The CIA started to sense that his work habits were not in the right place and his personality was changing. 2013 came and over the course of the year Snowden started leaking documents to film makers and other press sources. He fled the country and ended up in Moscow, Russia where his passport was taken by U.S authorities. He was granted asylum in Russia instead of facing charges in the United States. Once the United states had realized what he was doing, he had released between 50,000 to 200,000 documents of classified information.

The issue of national security was brought to light in the United States following  Snowden’s scandal. His main objective was to warn the people of the United States of the corrupt government and how they abuse their powers. Many people started to question our government and the way in which they claim to protect us. While conducting interviews with adults and students, we found that opinions about the matter were divided. When we interviewed  Mr. Krieger, a teacher at Ipswich High School, his opinion leaned towards national security. He believes the government has the right to invade privacy the slightest amount. Krieger also stated that “Our national security is crucial and deserves to have the right of crossing the line of privacy to protect.”

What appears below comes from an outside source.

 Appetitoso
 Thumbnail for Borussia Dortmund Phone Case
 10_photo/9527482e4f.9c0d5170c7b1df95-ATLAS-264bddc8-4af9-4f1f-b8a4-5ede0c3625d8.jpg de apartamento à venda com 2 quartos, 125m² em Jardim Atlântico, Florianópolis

Now although he is not wrong by saying this, many would disagree with him. When interviewing other adults, they had the opposite in mind. One stated they would rather have their privacy right not infringed upon and lower the national security. Privacy is a fine line to cross, and once crossed it turns into a sticky situation. But do we do it to ourselves? Everyone we interviewed admitted to skipping reading the terms and agreements of websites, memberships and signing up for miscellaneous things. Maybe there is a huge part of the puzzle we are missing inside those terms and agreements. It could explicitly say “We are watching you right now”, and no one would have any idea because we don’t know what we are agreeing to. An easy alternative to this is websites that have terms and agreements should have short and brief summaries on the side making others more aware of the conditions they are agreeing upon.

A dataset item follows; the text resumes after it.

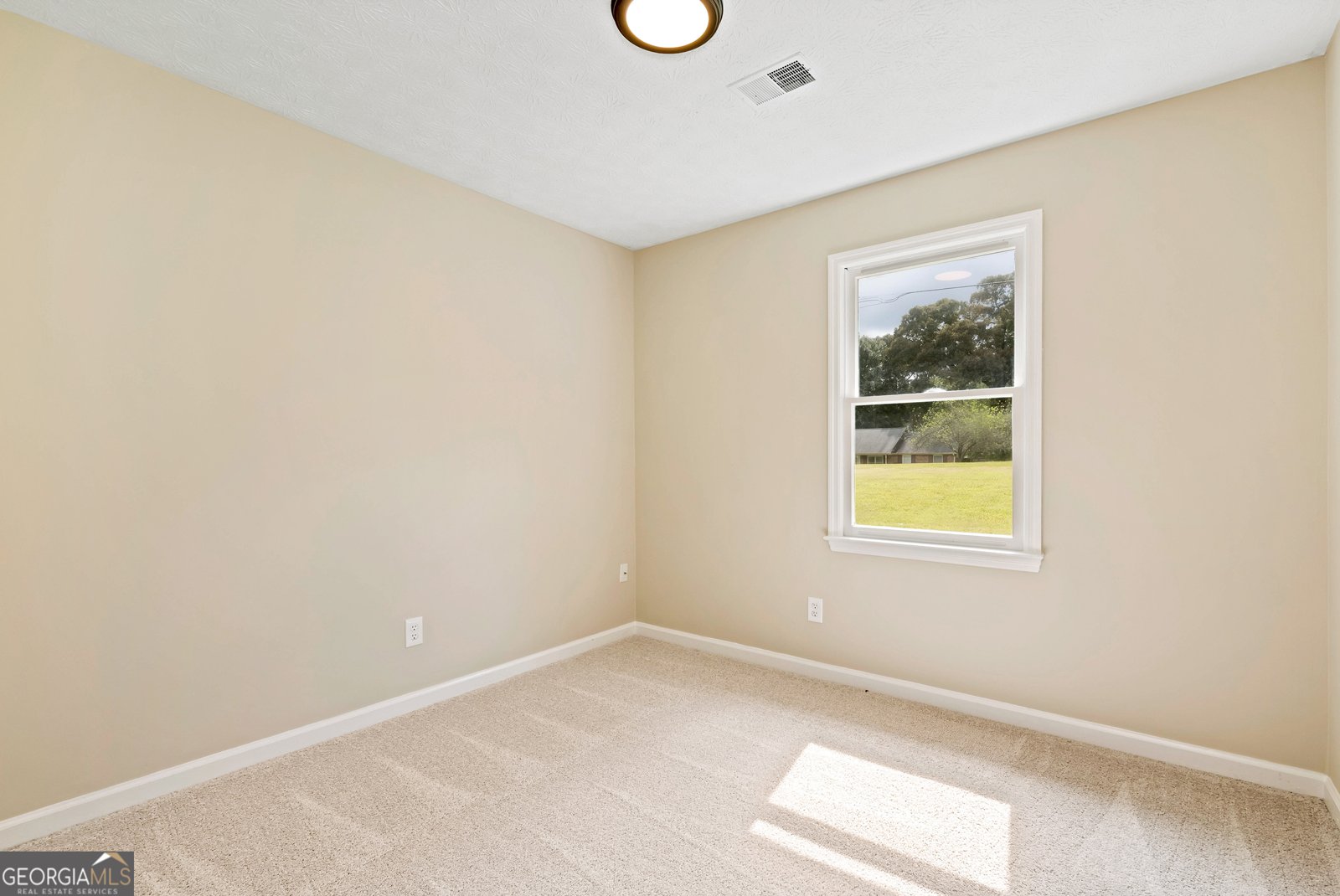 719 Boss Hardy Road Winder - 19
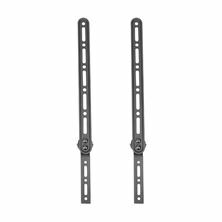 SBOX nosilec za soundbar zvočnik SB-41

We also took the time to interview an Ipswich police officer who had the most to say about this situation. Officer Justin Daly made a point in his interview to make sure we knew what side he was on. He expressed how Snowden had committed a crime that could potentially cost the lives of Americans. “I trust they are doing more good than bad by interfering with my privacy and the rest of the country’s privacy” he stated. He also admitted to never reading the terms and agreements of websites but he knows he isn’t doing anything the government would care to pursue. The biggest thing Officer Daly was upset about was the fact that Snowden is not being punished in America. He does not understand how a criminal like Snowden is just granted asylum time in a different country. “He is not insane and  he does not have a mental disorder; he is simply a criminal who thought what he was doing was morally right. But all government officials whether it be CIA, FBI, NSA, even state and local police officers take an oath to protect and serve and he broke that oath.”

Overall, Edward Snowden is a big name in the United States and he succeeded at what he was trying to accomplish. Whether he was morally doing the right thing or not, he is no longer an ally to the United States. The many different opinions from across America and around the world have brought a major motion film into the United States for the people to see. Through many interviews and research, it has become clear to see that the government has more access to our lives than we all thought. Whether you agree with that or not, well, that is up to you.